Brief: Only the lines below between the ones containing "VILCEN Organizador Fregadero, Soporte" and "Maskom Supermercados Ambi", inclusive, are to be reproduced, each exactly as it stands.

Material for this task:
= Beginning of Section =
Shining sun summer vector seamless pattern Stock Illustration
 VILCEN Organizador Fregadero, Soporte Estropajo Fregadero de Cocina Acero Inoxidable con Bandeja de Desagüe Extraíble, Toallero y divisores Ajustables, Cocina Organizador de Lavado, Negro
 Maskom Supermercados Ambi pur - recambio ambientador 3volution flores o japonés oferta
= End of Section =
= Beginning of Section =
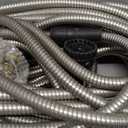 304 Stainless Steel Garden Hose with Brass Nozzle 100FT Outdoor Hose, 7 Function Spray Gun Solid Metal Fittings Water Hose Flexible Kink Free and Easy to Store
= End of Section =
Output of the task:
 VILCEN Organizador Fregadero, Soporte Estropajo Fregadero de Cocina Acero Inoxidable con Bandeja de Desagüe Extraíble, Toallero y divisores Ajustables, Cocina Organizador de Lavado, Negro
 Maskom Supermercados Ambi pur - recambio ambientador 3volution flores o japonés oferta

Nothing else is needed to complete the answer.